La Primavera by Sandro Botticelli (c. 1482)
Today’s Candlemas and this has got me thinking about the idea of seasonality. What’s compelling about seasons is that there’s actually more than one way of defining them.
I mean ultimately there’s no hard limit on the number of potential season-systems there are, as you can choose to slice the pie into as many segments as you feel. Near the equator for example there’s arguably only two clear seasons – the rainy season, and the dry.
There’s also dozens of culturally contingent forms for the seasons that interact with local religious and agricultural traditions. That makes sense right? Cos any method of time-keeping basically exists to help humans figure out when to do specific things.
In the West, there are three basic season-models. These are: meteorological seasons, astronomical seasons, and phenological seasons.

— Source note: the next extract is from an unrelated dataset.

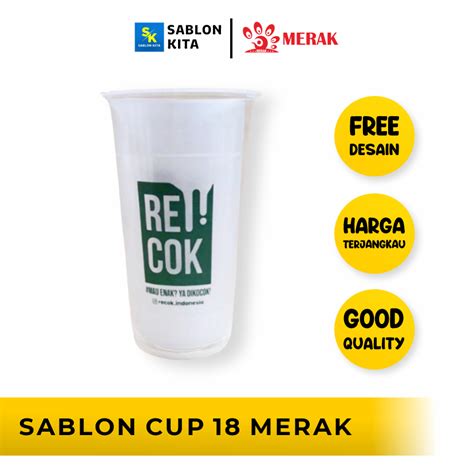 Jual Terbaik Sablon Cup Plastik Datar Oz Merk Merak Gram Cup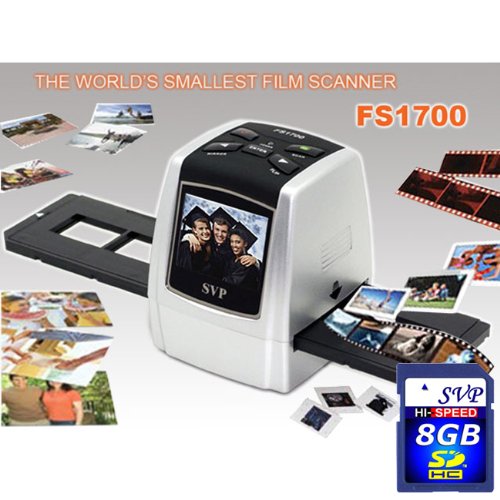 SVP Digital Film Scanner w/ 2.4 Build-in LCD 8GB Included, ~World's Smallest Film Scanner~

To touch on meteorological seasons very briefly, they’re basically an attempt to blend the phenological and astronomical seasons with the vulgar calendar by breaking the year up into four blocks of three-monthly periods that appear to make the most sense based on temperature and weather trends for those parts of the year.
It’s kinda janky, not least cos it flattens stuff in weird ways. I understand that in the USA the same rough meteorological season-year is used across the country, in spite of the fact that that takes in a huge diversity of climates and bio-regions.
And all of that is before you take into consideration global weirding – which, sure, affects all season-models to some extent, but significantly throws out one based on expected weather patterns.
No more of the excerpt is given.